Ps. Wat betreft de prijsvraag: Marte is gediskwalificeerd (’t is natuurlijk niet slim om de jurie te treiteren) en familieleden waren uitgesloten. Bastiaans hondsdolle kamelen klinkt goed maar onze kamelen waren eerder lui dan dol. Rob kwam dicht in de buurt met zijn sneeuwstorm en de kou was duidelijk aanwezig. Toch gaat de fantastische armband naar niemand minder dan Daan voor zijn inzending betreffende de verdrinkingsdood. Het mag dan wel niet in een oase zijn geweest, maar dat hij geen rivier in de woestijn voorzag kan ik hem moeilijk kwalijk nemen. De prijs is bij mijn thuiskomst op te halen (als je de moeite wilt doen want het ding is echt kouwgomballen-spuuglelijk) en over de uitslag valt niet te corresponderen.
-
03 Juni 2006 - 20:36
Marije En Alice:
Hoi Marco,
We krijgen helemaal de kriebels als we jouw foto's zien: dat zouden wij ook wel willen ..., nou ja, Marije zou dat wel willen. Mooie plaatjes, trouwens. Wat een fantastische ervaringen doe jij op! Goede reis nog. -
04 Juni 2006 - 10:16
Rob:
Phat verhaal en PINKPOP RULEZ -
04 Juni 2006 - 22:56
PM:
Even een vraagje tussendoor; Moeten we de (koeien)melk al voor je koud gaan zetten? -
10 Juni 2006 - 12:28
De Allochtoon Die Geen Test Heeft Gedaan:
Yo marco,
sonja is even aan het bellen met haar vader, dus moest haar mail aan jou onderbreken. tijd voor mij om snel wat te typen.

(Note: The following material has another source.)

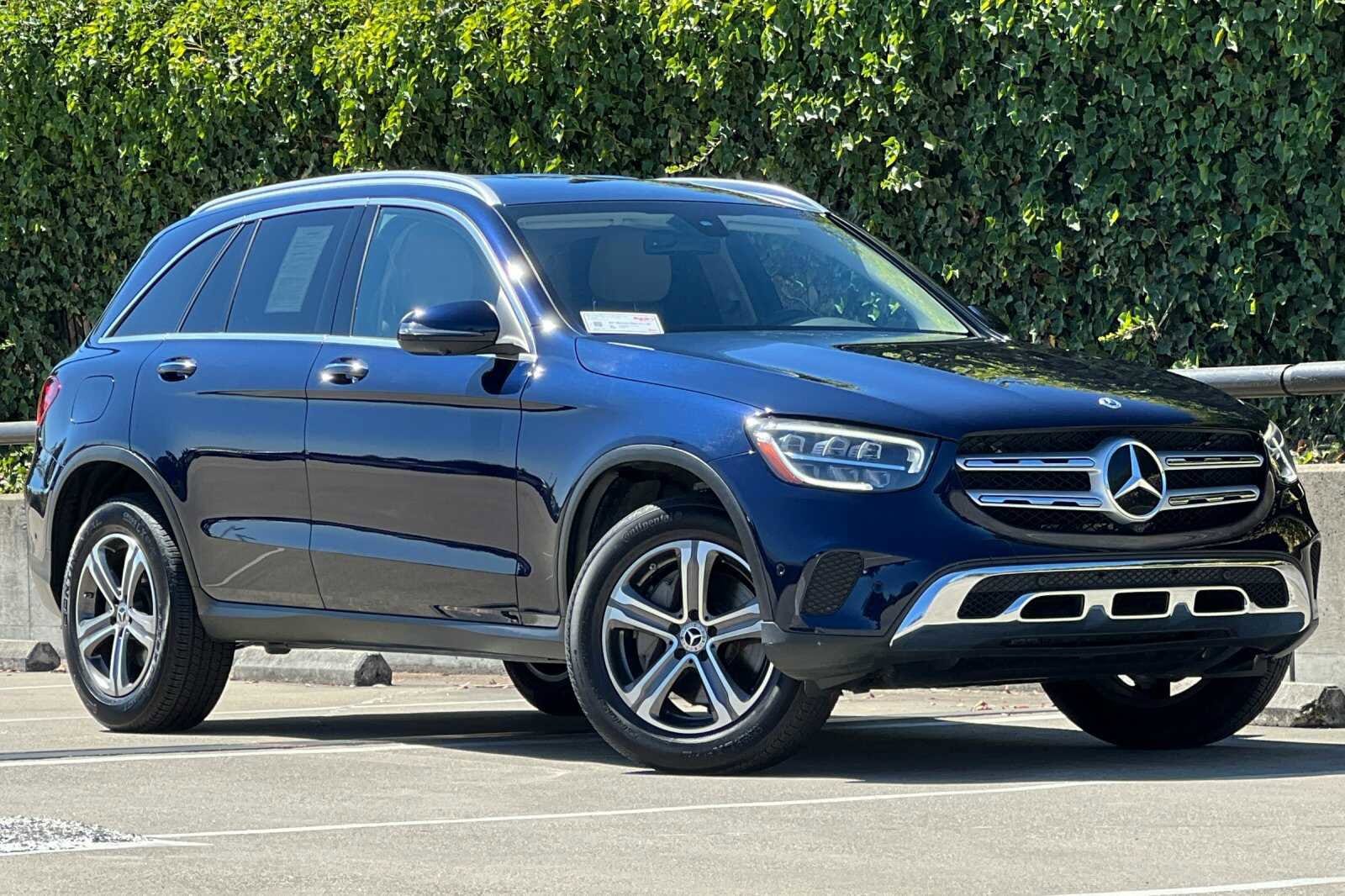 Certified 2021 Mercedes-Benz GLC GLC300 with VIN W1N0G8EB3MF976256 for sale in Walnut Creek, CA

het is hier supermooi weer, geen wolkje aan de lucht. sonja en ik zitten hier bij mn vader met coca-cola, sprite, fanta, 2 soorten chips en dubbellikkers (van die heilige waterijsjes met twee stokjes) te chillebillen in de zon (sonja zit in de zon, ik zit in de serre). mn deadline techniek EN ontwerpen zijn voorbij, ik moet alleen nog maar tekenen en vormstudie inleveren. het enige wat ik dus moet doen is een beetje tekenen in de zon. het kan erger. straks om 15uur begint ook nog Engeland-Paraguay, vervolgens om 18uur Trinidad en Tobago-Zweden en tenslotte om 21uur Argentinie-Ivoorkust. ik ben dus wel tevreden over dit weekend. uw vaderland heeft gisteren in de openingswedstrijd van het WK gewonnen van Costa Rica met 4-2. Klinsmann ligt onder vuur. ik weet zeker dat duitsland gewoon fucking wereldkampioen wordt, dat verdienen ze in ieder geval wel. niet dat ik dat hardop zeg hier, want dan worden mijn lichaamsdelen waarschijnlijk geintegreerd met metalen voorwerpen. polen-ecuador was 0-1, de tweede winst voor ecuador op een WK ooit. ik zie dat je weer een zooi fotos hebt toegevoegd dus die ga ik even bekijken nu.
auf wiedersehen,
bram -
17 Juni 2006 - 18:12
PM:
Indien je weer last hebt van Nomadenmoeheid heb ik een probaat geneesmiddel voor je. Alleen overdag te gebruiken. Indien 's avonds toegepast leidt het snel tot volledige uitputting door slaapgebrek.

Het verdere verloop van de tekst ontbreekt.